SEZIONE SESTA CIVILE

SOTTOSEZIONE 2

Composta dagli Ill.mi Sigg.ri Magistrati:

Dott. LOMBARDO Luigi Giovanni – Presidente –

Dott. BERTUZZI Mario – Consigliere –

Dott. GRASSO Giuseppe – Consigliere –

Dott. TEDESCO Giuseppe – rel. Consigliere –

Dott. CRISCUOLO Mauro – Consigliere –

ha pronunciato la seguente:

ORDINANZA

sul ricorso 22829-2020 proposto da:

M.M., rappresentata e difesa dall’avv. GIORGIO POLVERINO;

– ricorrente –

contro

R.I.A., rappresentata e difesa dall’avv. MASSIMO PAGLIARA;

– controricorrente – ricorrente incidentale –

D.M.G., D.M.E.M.;

– intimati –

avverso la sentenza n. 1651/2019 della CORTE D’APPELLO di SALERNO, depositata il 28/11/2019;

udita la relazione della causa svolta nella Camera di Consiglio del 24/06/2021 dal Consigliere Dott. TEDESCO GIUSEPPE.

FATTI DI CAUSA E RAGIONI DELLA DECISIONE

La presente causa riguarda la successione testamentaria di D.M.E., il quale ha disposto dei propri beni in favore dei due figli D.M.G. e D.M.E.M., nominandoli eredi universali e lasciando l’usufrutto sul solo immobile compreso nell’asse (un negozio sito in Cava dei Tirreni) alla compagna, R.I.A..
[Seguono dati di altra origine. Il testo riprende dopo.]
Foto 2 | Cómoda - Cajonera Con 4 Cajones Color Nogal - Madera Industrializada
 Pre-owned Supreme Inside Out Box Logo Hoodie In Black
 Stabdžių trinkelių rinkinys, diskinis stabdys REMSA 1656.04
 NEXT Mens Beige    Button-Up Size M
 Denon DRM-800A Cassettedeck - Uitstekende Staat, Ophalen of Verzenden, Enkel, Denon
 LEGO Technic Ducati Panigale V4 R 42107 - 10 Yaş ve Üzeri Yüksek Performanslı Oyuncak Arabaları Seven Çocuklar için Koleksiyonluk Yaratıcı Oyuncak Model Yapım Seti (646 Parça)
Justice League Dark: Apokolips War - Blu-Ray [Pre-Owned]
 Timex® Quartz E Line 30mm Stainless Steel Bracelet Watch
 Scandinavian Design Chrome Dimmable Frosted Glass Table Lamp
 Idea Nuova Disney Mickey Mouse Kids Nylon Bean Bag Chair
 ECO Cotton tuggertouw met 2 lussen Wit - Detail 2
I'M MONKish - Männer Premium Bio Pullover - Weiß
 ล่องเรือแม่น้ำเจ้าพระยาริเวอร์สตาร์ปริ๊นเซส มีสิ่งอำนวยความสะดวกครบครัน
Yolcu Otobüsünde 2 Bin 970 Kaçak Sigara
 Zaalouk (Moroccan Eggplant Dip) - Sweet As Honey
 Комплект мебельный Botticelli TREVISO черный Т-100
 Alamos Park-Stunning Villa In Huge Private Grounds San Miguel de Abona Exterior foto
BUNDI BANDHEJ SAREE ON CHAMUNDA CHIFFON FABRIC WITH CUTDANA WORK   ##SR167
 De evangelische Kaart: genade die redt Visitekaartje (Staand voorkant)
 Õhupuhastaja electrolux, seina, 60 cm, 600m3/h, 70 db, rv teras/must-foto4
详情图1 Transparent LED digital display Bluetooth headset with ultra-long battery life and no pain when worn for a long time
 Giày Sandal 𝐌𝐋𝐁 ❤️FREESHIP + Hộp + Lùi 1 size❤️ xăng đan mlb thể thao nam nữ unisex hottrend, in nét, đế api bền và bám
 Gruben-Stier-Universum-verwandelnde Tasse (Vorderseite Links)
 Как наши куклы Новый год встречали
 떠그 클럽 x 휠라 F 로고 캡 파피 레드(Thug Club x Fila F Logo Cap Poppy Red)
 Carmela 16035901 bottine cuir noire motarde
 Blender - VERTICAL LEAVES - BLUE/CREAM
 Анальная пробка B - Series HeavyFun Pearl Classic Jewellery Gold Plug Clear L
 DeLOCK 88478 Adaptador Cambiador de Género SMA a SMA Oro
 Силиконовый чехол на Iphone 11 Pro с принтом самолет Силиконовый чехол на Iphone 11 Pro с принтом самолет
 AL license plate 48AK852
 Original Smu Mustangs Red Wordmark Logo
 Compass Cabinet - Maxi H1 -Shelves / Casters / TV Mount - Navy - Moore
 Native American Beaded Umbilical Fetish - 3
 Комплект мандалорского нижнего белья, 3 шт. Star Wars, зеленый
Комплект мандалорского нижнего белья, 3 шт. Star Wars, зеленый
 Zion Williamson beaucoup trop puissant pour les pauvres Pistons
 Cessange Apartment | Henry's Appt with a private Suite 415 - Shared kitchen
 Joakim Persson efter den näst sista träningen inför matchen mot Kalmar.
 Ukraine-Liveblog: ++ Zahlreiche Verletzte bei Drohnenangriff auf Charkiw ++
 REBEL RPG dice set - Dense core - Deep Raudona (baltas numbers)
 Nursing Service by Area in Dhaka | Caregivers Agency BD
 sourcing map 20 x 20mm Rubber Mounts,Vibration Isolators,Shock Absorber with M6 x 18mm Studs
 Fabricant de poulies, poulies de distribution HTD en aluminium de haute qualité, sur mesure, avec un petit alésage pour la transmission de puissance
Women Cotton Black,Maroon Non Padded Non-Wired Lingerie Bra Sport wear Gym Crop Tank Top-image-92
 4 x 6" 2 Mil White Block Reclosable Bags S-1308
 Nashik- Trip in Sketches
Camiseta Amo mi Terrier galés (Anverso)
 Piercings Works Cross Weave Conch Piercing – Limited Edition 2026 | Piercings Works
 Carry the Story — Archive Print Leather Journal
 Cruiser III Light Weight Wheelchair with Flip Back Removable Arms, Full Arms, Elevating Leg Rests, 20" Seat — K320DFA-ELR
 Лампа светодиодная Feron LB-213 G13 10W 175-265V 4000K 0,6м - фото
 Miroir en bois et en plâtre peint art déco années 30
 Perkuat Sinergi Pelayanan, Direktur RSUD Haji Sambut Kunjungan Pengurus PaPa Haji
In relazione a tale testamento, il coniuge legalmente separato M.M. ha proposto azione di riduzione nei confronti dei beneficiari delle disposizioni testamentarie. L’azione, rigettata in primo grado, è stata accolta dalla Corte di appello di Salerno, che ha disposto la riduzione delle disposizioni testamentarie nella misura del 13,77% in relazione al diritto di usufrutto e nella misura del 50% in relazione alla disposizione di nuda proprietà. La Corte d’appello ha condannato inoltre la R. al pagamento, in favore dell’attrice in riduzione, della somma di Euro 3.098,25, a titolo di restituzione pro quota dei canoni percepiti per la locazione dell’immobile oggetto della disposizione di usufrutto ridotta. Per la cassazione della sentenza M.M. ha proposto ricorso affidato a un unico motivo, con il quale denuncia l’omesso esame di fatti decisivi per il giudizio. Si sostiene che, nella liquidazione dei frutti a lei dovuti in dipendenza della riduzione, la Corte d’appello non ha tenuto conto di quanto accertato in proposito dal consulente tecnico, che aveva quantificato i canoni percepiti per la locazione dell’immobile in Euro 412.000,00, sicché, operata la riduzione nella misura del 13,77%, all’attrice in riduzione spettava la complessiva somma di Euro 56.732,40, di cui la metà, pari a Euro 28.366,20, a carico della R., e l’altra metà a carico dei figli in parti uguali. La Corte d’appello, nel definire la lite, ha considerato, ai fini della prova del quantum, solo i documenti prodotti dall’attrice, trascurando del tutto quanto accertato dal consulente tecnico sulla base della documentata locazione commerciale dell’immobile.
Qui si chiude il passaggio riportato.